Why Do Indians Glorify Struggle but Ignore Mental Health?
India often carries an unusual relationship with its past and future we bury one and unknowingly burn the other.
We have learned, as a society, to quietly tuck away our problems rather than confront them. Pain is hidden, not healed. Difficult conversations are postponed, not processed. But what we refuse to face does not disappear. Instead, it lingers resurfacing years later, shaping our choices, our fears, and sometimes, our destinies.
For much of India’s middle class, life today is deeply influenced by generational trauma.

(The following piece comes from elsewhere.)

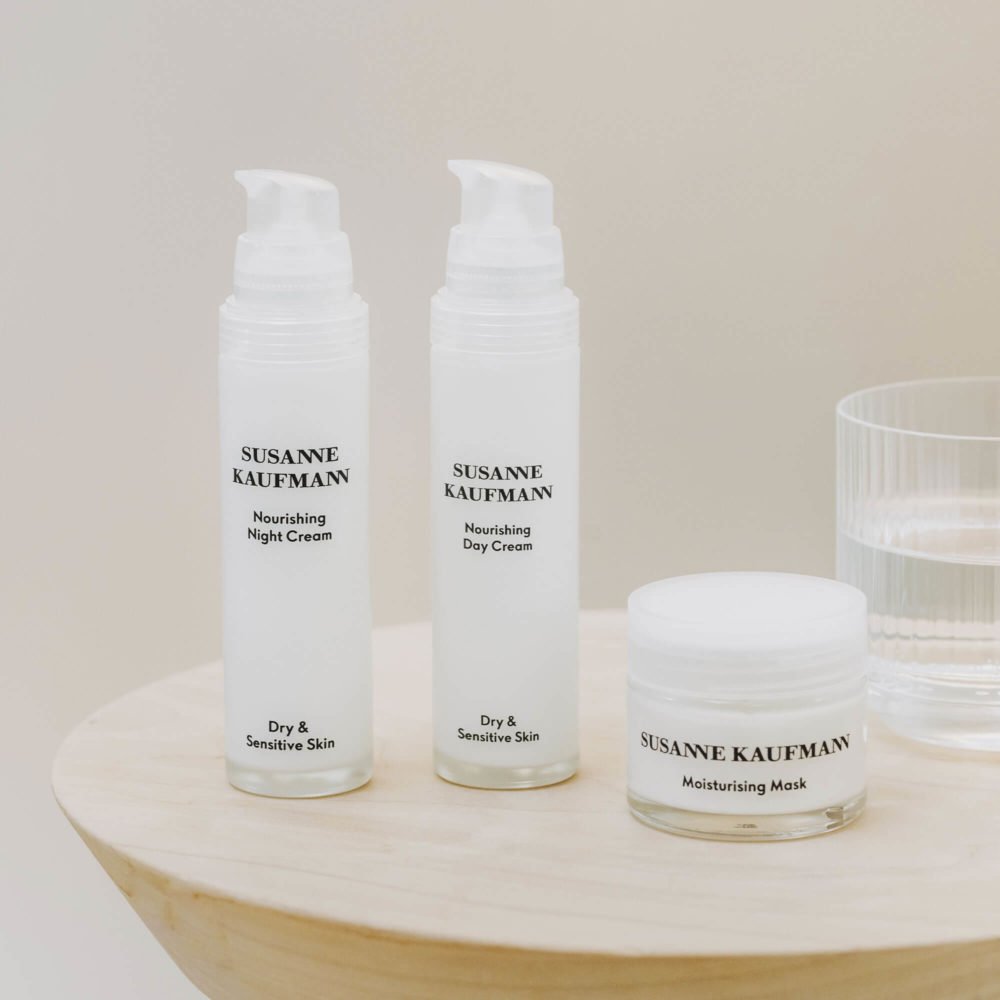 Moisturising Mask - Image 5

The previous generations were not villains they were survivors. They lived through scarcity, social pressure, and limited opportunity. In their pursuit of stability, many suppressed their own ambitions and personal desires. Yet unfulfilled dreams rarely fade away. Instead, they quietly find new vessels.
Their children.
Many parents, consciously or unconsciously, began to see their children not as independent individuals but as extensions of themselves carriers of unfinished dreams, correctors of past failures, and bearers of family pride. The result was a cycle: suppressed aspirations passed down like heirlooms, emotional struggles pushed deep into silence, and individual desires often sacrificed at the altar of duty.

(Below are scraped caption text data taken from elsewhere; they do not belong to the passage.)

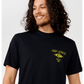 RIPCURL FADE OUT ICON TEE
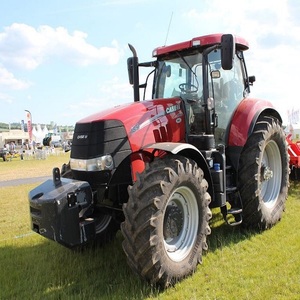 รถแทรกเตอร์ Case IH คุณภาพสูง ขายราคาถูก เครื่องจักรกลการเกษตรที่เชื่อถือได้ พร้อมเครื่องยนต์ที่แข็งแกร่งสำหรับงานเกษตร - Product Image 3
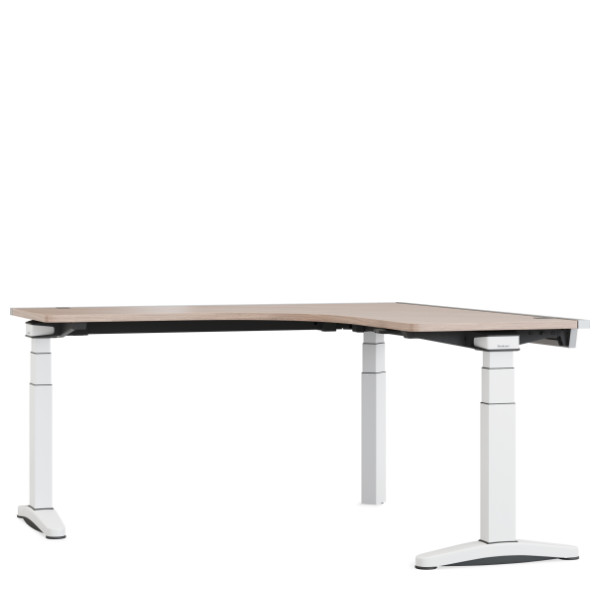 HeightAdjustable Desks & Sit Stand Workstations Steelcase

This silence became inherited. Pain remained unspoken. Emotions were internalized. And mental health, as a conversation, was often dismissed as weakness, indulgence, or unnecessary distraction.
Yet change is happening.
A new generation is beginning to question inherited beliefs. Young people are speaking openly about anxiety, depression, and identity. Families are slowly learning to listen. However, this transformation is neither uniform nor accessible to all. The shift toward emotional awareness and mental well-being is more visible among economically privileged sections of society those who can afford therapy, education, and exposure to global conversations. In many ways, the change is top-down, almost locked behind a literal paywall.
Still, it is a beginning.
India has long celebrated the romance of struggle the idea that suffering builds character, that endurance is virtue, that survival itself is success. But perhaps survival should not be our highest aspiration. Perhaps we deserve more than merely enduring life.
Maybe the real progress will come when we learn to let go of our pride in suffering, when healing becomes as valued as resilience, and when future generations are allowed not just to survive but to truly thrive.